Giacomo SuardoPRESIDENTE. Camerati senatori, designato della benevolenza del Duce a questo alto ufficio, al quale la Maestà del Re Imperatore si è degnata di elevarmi, non posso nascondervi la profonda commozione che suscitano in me il convincimento di non aver titoli adeguati a così insigne onore e la piena consapevolezza delle gravi difficoltà e responsabilità che la dignità conferitami comporta. E più arduo mi appare oggi questo ufficio, ricordando gli eminenti uomini che lo hanno tenuto, da Gaspare Coller a Luigi Federzoni, al quale mando il più fervido e cordiale saluto. (Applausi).

Tuttavia abituato, in guerra ed in pace, alla severa disciplina dell'obbedienza ed allo scrupoloso adempimento dei miei doveri, vi affermo con assoluta certezza che nell'esercizio delle mie funzioni saprò spiegare tutto lo zelo e tuta la passione di cui sono capace, perché rimanga immutato il prestigio di questa alta Assemblea, che nessuna ombra offuscò mai nel lungo volgere dei tempi e nel molteplice mutare degli eventi, e che anzi si circonfuse di sempre più vivo splendore nelle grandi ore della storia del nostro Paese. (Applausi)

Istituto fondamentale del nostro ordinamento costituzionale, rimasto immutato nella sua struttura originario, il Senato, dopo 91 anni di vita, nei quali si compendia la gloriosa ascesa della nostra Nazione, dal Risorgimento all'Impero, può ben riguardare il lungo cammino percorso con la sicura coscienza di aver degnamente assolto il suo compito.

Chiamato ad esercitare una funzione che non avrebbe potuto essere - e non fu mai - statica, animato da una fede incrollabile nelle fortune della Patria, sempre devoto alla gloriosa Monarchia Sabaudo che della Patria è il più alto presidio, ligio per convinzione e per tradizione ai principi dell'ordine nazionale e sociale, il Senato, attingendo ispirazione alle virtù più salde, più vive e più operose del popolo italiano, fu in ogni circostanza pari al prestigio della sua funzione. E quando la Rivoluzione delle Camicie Nere - guidata da un Capo di cui soltanto la storia potrà misurare la eccezionale statura, tanto essa, alla luce degli eventi, giganteggia ogni giorno più - riconduceva l'Italia verso un destino di grandezza e di potenza fino al fastigio dell'Impero, il Senato, intuendo nella sua affinata sensibilità politica tutto il significato del fatidico evento, si trovava spontaneamente al suo posto. Ed in 17 anni, fedelmente ed instancabilmente, offriva al Regime fascista una collaborazione operosa e feconda, nata dal felice connubio della esperienza e della tradizione con una profonda comprensione dei tempi nuovi e della necessità di dare allo Stato ed ai suoi fondamentali istituti quegli originali ordinamenti che solo le grandi e vitali rivoluzioni sanno instaurare stabilmente, precorrendo ed anticipando con geniale dottrina l'inarrestabile corso degli eventi.

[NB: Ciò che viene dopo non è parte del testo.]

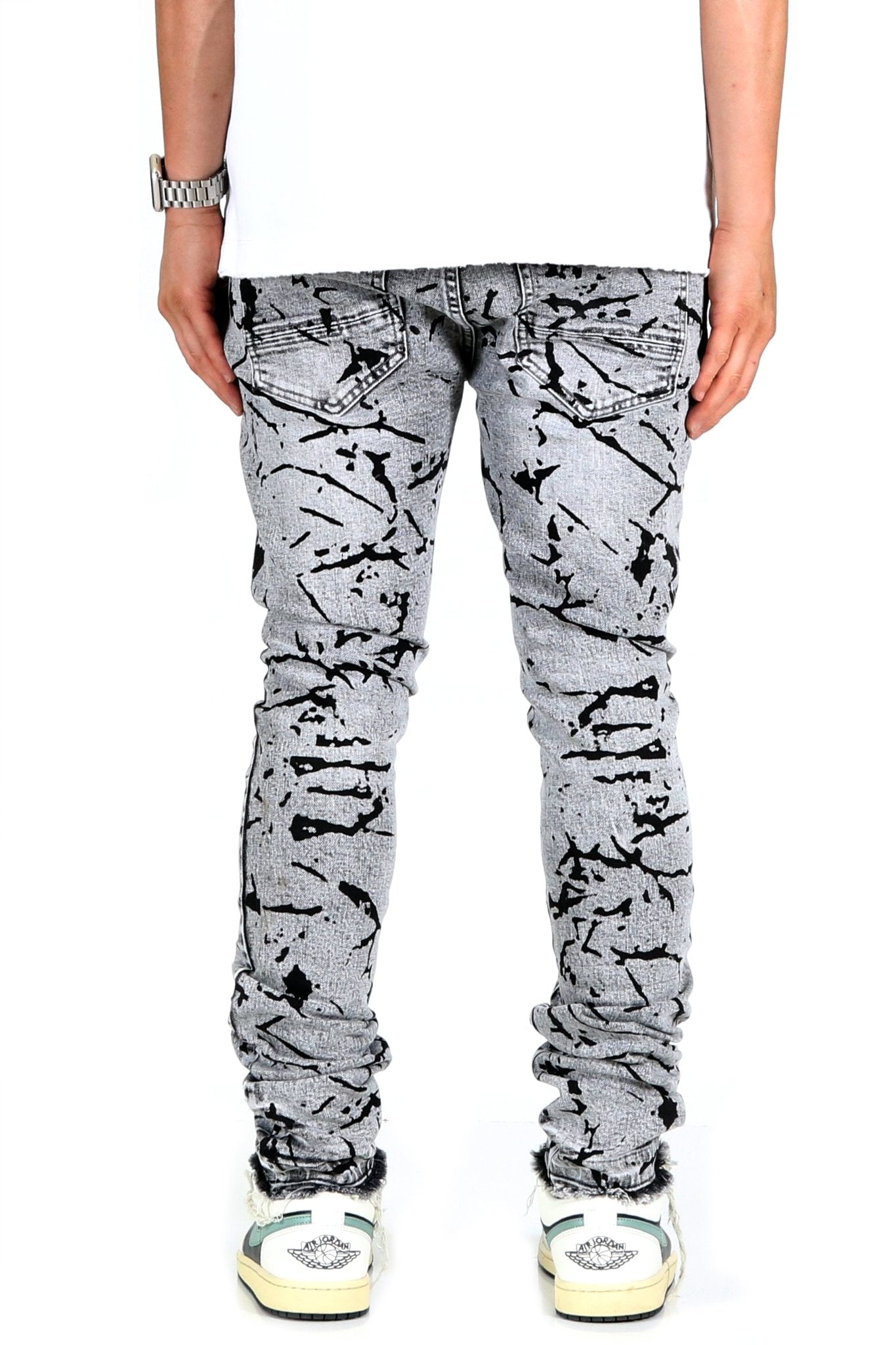 Side view of black and white graphic print skinny denim pants.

Comincia oggi per il Senato un nuovo ciclo di attività. Esso si inizia con una innovazione assai singolare nel funzionamento del nostro istituto che rimane sempre uno degli organi più importanti del Regime. La legge istitutiva della Camera dei Fasci e delle Corporazioni, che costituisce la prima e originale soluzione al difficile problema "di dare una reale ed effettiva consistenza all'istituto della rappresentanza politica, attraverso un'Assemblea che rispecchia nella sua struttura" - come fu acutamente notato dal nostro relatore di quella legge - "anziché casuali, effimeri e contingenti raggruppamenti di individui, una istituzionale e solida organizzazione sociale", chiama il Senato a collaborare col Governo nell'alta funzione della formazione delle leggi con un metodo rispondente alla necessità di una sollecita e cosciente opera legislativa.

Quest'opera il Senato svolgerà in perfetta e coordinata armonia con la Camera dei Fasci e delle Corporazioni, alla quale, sicuro interprete del vostro sentimento, invio un cordiale cameratesco ed augurale saluto, che indirizzo all'eroico Presidente di essa Costanzo Ciano. (Applausi).

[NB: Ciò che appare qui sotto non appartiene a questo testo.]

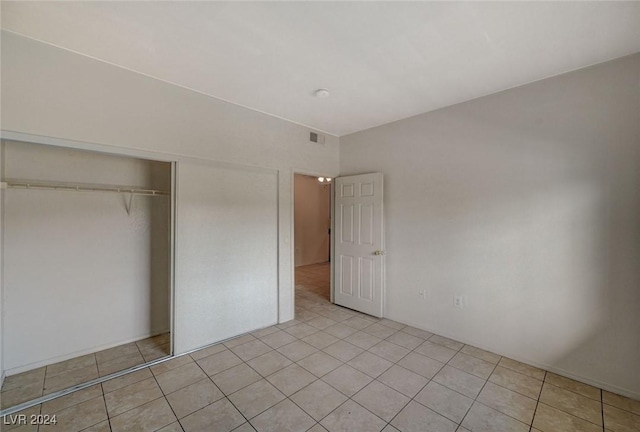 unfurnished bedroom featuring a closet and light tile patterned floors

Istituti diversi nella loro composizione - l'uno che rispecchia le forze vive della Nazione operante, l'altro le esperienze e le tradizioni - essi sono accomunati dall'identità delle funzioni e degli scopi, ma sopra tutto dalla identità della fede che li stringe con un legame, che è il più sicuro auspicio di un'opera feconda.

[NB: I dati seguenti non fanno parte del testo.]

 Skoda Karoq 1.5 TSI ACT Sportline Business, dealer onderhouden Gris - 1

E' in quest'armonia d'intenti con la nuova Camera che il Senato darà al Governo la sua collaborazione con la consueta solerzia, con la tradizionale saggezza, con il più disinteressato zelo per il pubblico bene, e sopra tutto con immutata fedeltà al Duce (Vivissimi Applausi), il cui comandamento di fede, di disciplina, di combattimento avrà in questo Consesso la più pronta e leale obbedienza.

Camerati Senatori!

L'Augusta parola del Sovrano, nel constatare la difficoltà dei tempi che l'Europa attraversa ci ha ricordato che sono i tempi difficili quelli che rivelano il carattere dei popoli. I recentissimi avvenimenti confermano la profonda saggezza di quel monito, e dimostrano luminosamente, ove ancora ce ne fosse bisogno, con qual tempra sia stato forgiato il carattere del popolo italiano da tre guerre vittoriose e da una Rivoluzione trionfante, a qual grado di perfezione il Duce abbia portato la sua opera titanica, a quali superbe vette, sotto l'impareggiabile guida di Lui, l'Italia abbia la forza e il diritto di assurgere.

Da così significativo esempio traendo monito e incitamento, inauguriamo i nostri lavori con un rito che riassume ad un tempo le nostre tradizioni, le nostre aspirazioni e la nostra fede:

Saluto al Re!

Saluto al Duce!

(Il Senato risponde con un grido unanime seguito da vivissimi e generali applausi).